As the demand for high performance integrated circuit devices continues to increase, designers have reduced circuit geometries in order to obtain improved performance. As the gate lengths of MOS transistors shrink to sub-half-micron dimensions, the switching speed of the transistors increases dramatically. To take full advantage of the increased speed of the transistors, electrical interconnect structures having high electrical conductivity must also be provided. The performance of advanced integrated circuit devices is often limited by the electrical conductivity of metal interconnects, which electrically couple the various device components of an integrated circuit.
In the past, aluminum, and its alloys, have been widely used for metal interconnect structures. However, as device geometries continue to be reduced, the number of devices which must be electrically interconnected has increased. The increased number of electrical interconnections required for advanced integrated circuit designs necessitates the formation of extremely narrow interconnect leads. The utilization of aluminum and its alloys for high density interconnect formation is limited by the tendency of aluminum to undergo thermally induced voiding and electromigration. An additional problem associated with aluminum metallurgy is the relatively higher electrical resistance of aluminum alloys as compared to other electrically conductive metals.

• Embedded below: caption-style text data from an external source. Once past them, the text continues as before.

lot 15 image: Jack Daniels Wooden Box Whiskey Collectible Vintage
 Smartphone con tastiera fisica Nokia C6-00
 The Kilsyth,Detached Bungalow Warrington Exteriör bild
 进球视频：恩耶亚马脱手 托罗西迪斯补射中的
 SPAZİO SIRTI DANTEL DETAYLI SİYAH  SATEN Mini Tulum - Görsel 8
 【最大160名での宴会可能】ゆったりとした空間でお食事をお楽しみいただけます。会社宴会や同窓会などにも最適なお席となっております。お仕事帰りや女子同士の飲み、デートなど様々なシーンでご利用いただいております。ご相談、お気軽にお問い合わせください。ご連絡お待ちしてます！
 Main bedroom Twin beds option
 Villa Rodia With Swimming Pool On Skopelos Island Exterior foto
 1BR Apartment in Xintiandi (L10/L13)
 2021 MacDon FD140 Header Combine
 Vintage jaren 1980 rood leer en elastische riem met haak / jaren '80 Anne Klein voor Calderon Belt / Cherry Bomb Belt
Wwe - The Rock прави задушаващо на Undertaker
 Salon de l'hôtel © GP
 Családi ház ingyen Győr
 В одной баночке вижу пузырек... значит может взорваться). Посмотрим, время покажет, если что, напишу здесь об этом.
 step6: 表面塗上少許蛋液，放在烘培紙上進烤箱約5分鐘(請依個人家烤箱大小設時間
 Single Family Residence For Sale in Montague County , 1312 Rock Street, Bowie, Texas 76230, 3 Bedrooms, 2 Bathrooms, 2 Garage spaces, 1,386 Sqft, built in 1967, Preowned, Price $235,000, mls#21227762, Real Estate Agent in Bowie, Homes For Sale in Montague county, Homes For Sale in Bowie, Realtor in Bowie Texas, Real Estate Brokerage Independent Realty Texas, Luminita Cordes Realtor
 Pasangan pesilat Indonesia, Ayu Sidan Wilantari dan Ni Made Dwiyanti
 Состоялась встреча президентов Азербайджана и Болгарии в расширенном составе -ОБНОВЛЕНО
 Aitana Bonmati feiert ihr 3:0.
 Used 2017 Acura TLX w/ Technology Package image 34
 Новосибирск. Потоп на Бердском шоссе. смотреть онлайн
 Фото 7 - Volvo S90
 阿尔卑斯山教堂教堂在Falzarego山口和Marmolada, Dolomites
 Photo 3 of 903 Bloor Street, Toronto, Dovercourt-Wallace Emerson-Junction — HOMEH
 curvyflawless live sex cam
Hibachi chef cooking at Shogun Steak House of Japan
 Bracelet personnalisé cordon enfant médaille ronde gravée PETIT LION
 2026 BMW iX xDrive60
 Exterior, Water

To overcome the limitations associated with the use of aluminum for electrical interconnects, other metals, such as copper, gold, and silver have been proposed as a substitute for aluminum and its alloys. Copper offers a desirable alternative to aluminum, because of its low resistivity and resistance to electromigration. However, copper diffuses readily in materials commonly used in integrated circuit fabrication, such as silicon and silicon dioxide. Additionally, copper does not adhere well to many other metals nor to insulators such as silicon dioxide and silicon nitride. The aforementioned characteristics of copper prevent the relatively straight forward formation of copper leads in a manner analogous to that used in the formation of aluminum interconnects. Therefore, the implementation of copper for the formation of electrical interconnects requires that special processes and materials be provided to overcome the problems of diffusion and adhesion associated with the use of copper.